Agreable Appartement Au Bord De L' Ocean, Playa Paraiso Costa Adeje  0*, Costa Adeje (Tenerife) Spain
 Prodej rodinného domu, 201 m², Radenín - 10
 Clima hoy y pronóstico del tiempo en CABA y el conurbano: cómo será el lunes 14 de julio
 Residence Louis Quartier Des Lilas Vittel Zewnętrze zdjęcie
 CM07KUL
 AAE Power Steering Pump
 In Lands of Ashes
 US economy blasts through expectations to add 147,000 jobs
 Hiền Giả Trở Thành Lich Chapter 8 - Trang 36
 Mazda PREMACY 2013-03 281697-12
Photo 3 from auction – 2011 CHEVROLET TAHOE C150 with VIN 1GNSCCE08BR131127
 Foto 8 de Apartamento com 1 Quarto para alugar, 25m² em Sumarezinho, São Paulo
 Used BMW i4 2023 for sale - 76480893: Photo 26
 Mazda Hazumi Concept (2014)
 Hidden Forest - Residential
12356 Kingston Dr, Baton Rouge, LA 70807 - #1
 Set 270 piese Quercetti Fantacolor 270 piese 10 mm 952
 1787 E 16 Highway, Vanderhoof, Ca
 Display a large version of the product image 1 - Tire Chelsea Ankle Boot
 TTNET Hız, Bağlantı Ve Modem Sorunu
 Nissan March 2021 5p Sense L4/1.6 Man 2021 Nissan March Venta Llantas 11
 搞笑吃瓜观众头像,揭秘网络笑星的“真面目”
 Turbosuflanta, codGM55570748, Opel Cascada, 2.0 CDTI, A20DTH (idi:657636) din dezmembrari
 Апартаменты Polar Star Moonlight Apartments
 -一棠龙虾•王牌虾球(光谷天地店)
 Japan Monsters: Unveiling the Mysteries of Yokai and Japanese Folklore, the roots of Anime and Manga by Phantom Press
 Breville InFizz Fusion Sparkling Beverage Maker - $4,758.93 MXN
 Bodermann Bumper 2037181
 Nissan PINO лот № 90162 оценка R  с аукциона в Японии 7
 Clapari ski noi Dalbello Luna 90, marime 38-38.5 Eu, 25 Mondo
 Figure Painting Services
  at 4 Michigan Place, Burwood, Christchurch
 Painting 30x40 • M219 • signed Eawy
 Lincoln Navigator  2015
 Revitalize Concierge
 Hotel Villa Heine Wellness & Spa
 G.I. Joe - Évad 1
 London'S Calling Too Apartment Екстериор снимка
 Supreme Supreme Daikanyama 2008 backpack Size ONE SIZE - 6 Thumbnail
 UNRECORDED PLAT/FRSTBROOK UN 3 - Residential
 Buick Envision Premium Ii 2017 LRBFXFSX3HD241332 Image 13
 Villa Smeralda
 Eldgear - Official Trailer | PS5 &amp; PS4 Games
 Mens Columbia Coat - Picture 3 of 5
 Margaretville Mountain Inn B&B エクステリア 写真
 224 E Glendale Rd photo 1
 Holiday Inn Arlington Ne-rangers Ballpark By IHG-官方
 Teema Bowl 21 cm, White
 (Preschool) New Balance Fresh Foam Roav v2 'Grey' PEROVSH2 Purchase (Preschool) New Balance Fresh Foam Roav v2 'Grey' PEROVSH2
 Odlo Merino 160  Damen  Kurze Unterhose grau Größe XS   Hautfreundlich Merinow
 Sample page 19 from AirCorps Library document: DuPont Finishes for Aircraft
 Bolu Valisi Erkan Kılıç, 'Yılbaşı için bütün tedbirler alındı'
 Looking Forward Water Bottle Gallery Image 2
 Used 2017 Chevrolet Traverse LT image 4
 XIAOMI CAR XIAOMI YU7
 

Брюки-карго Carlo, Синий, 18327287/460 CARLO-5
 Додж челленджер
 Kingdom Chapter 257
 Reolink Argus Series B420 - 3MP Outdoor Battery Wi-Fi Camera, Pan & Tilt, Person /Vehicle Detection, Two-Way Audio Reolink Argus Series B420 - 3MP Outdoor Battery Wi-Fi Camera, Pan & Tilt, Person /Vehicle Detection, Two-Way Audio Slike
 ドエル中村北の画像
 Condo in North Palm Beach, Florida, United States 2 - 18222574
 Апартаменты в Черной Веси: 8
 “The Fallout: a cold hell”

- - -

### What is needed
An exact restatement of the data above is required.

### Solved exercise
Agreable Appartement Au Bord De L' Ocean, Playa Paraiso Costa Adeje  0*, Costa Adeje (Tenerife) Spain
 Prodej rodinného domu, 201 m², Radenín - 10
 Clima hoy y pronóstico del tiempo en CABA y el conurbano: cómo será el lunes 14 de julio
 Residence Louis Quartier Des Lilas Vittel Zewnętrze zdjęcie
 CM07KUL
 AAE Power Steering Pump
 In Lands of Ashes
 US economy blasts through expectations to add 147,000 jobs
 Hiền Giả Trở Thành Lich Chapter 8 - Trang 36
 Mazda PREMACY 2013-03 281697-12
Photo 3 from auction – 2011 CHEVROLET TAHOE C150 with VIN 1GNSCCE08BR131127
 Foto 8 de Apartamento com 1 Quarto para alugar, 25m² em Sumarezinho, São Paulo
 Used BMW i4 2023 for sale - 76480893: Photo 26
 Mazda Hazumi Concept (2014)
 Hidden Forest - Residential
12356 Kingston Dr, Baton Rouge, LA 70807 - #1
 Set 270 piese Quercetti Fantacolor 270 piese 10 mm 952
 1787 E 16 Highway, Vanderhoof, Ca
 Display a large version of the product image 1 - Tire Chelsea Ankle Boot
 TTNET Hız, Bağlantı Ve Modem Sorunu
 Nissan March 2021 5p Sense L4/1.6 Man 2021 Nissan March Venta Llantas 11
 搞笑吃瓜观众头像,揭秘网络笑星的“真面目”
 Turbosuflanta, codGM55570748, Opel Cascada, 2.0 CDTI, A20DTH (idi:657636) din dezmembrari
 Апартаменты Polar Star Moonlight Apartments
 -一棠龙虾•王牌虾球(光谷天地店)
 Japan Monsters: Unveiling the Mysteries of Yokai and Japanese Folklore, the roots of Anime and Manga by Phantom Press
 Breville InFizz Fusion Sparkling Beverage Maker - $4,758.93 MXN
 Bodermann Bumper 2037181
 Nissan PINO лот № 90162 оценка R  с аукциона в Японии 7
 Clapari ski noi Dalbello Luna 90, marime 38-38.5 Eu, 25 Mondo
 Figure Painting Services
  at 4 Michigan Place, Burwood, Christchurch
 Painting 30x40 • M219 • signed Eawy
 Lincoln Navigator  2015
 Revitalize Concierge
 Hotel Villa Heine Wellness & Spa
 G.I. Joe - Évad 1
 London'S Calling Too Apartment Екстериор снимка
 Supreme Supreme Daikanyama 2008 backpack Size ONE SIZE - 6 Thumbnail
 UNRECORDED PLAT/FRSTBROOK UN 3 - Residential
 Buick Envision Premium Ii 2017 LRBFXFSX3HD241332 Image 13
 Villa Smeralda
 Eldgear - Official Trailer | PS5 &amp; PS4 Games
 Mens Columbia Coat - Picture 3 of 5
 Margaretville Mountain Inn B&B エクステリア 写真
 224 E Glendale Rd photo 1
 Holiday Inn Arlington Ne-rangers Ballpark By IHG-官方
 Teema Bowl 21 cm, White
 (Preschool) New Balance Fresh Foam Roav v2 'Grey' PEROVSH2 Purchase (Preschool) New Balance Fresh Foam Roav v2 'Grey' PEROVSH2
 Odlo Merino 160  Damen  Kurze Unterhose grau Größe XS   Hautfreundlich Merinow
 Sample page 19 from AirCorps Library document: DuPont Finishes for Aircraft
 Bolu Valisi Erkan Kılıç, 'Yılbaşı için bütün tedbirler alındı'
 Looking Forward Water Bottle Gallery Image 2
 Used 2017 Chevrolet Traverse LT image 4
 XIAOMI CAR XIAOMI YU7
 

Брюки-карго Carlo, Синий, 18327287/460 CARLO-5
 Додж челленджер
 Kingdom Chapter 257
 Reolink Argus Series B420 - 3MP Outdoor Battery Wi-Fi Camera, Pan & Tilt, Person /Vehicle Detection, Two-Way Audio Reolink Argus Series B420 - 3MP Outdoor Battery Wi-Fi Camera, Pan & Tilt, Person /Vehicle Detection, Two-Way Audio Slike
 ドエル中村北の画像
 Condo in North Palm Beach, Florida, United States 2 - 18222574
 Апартаменты в Черной Веси: 8
 “The Fallout: a cold hell”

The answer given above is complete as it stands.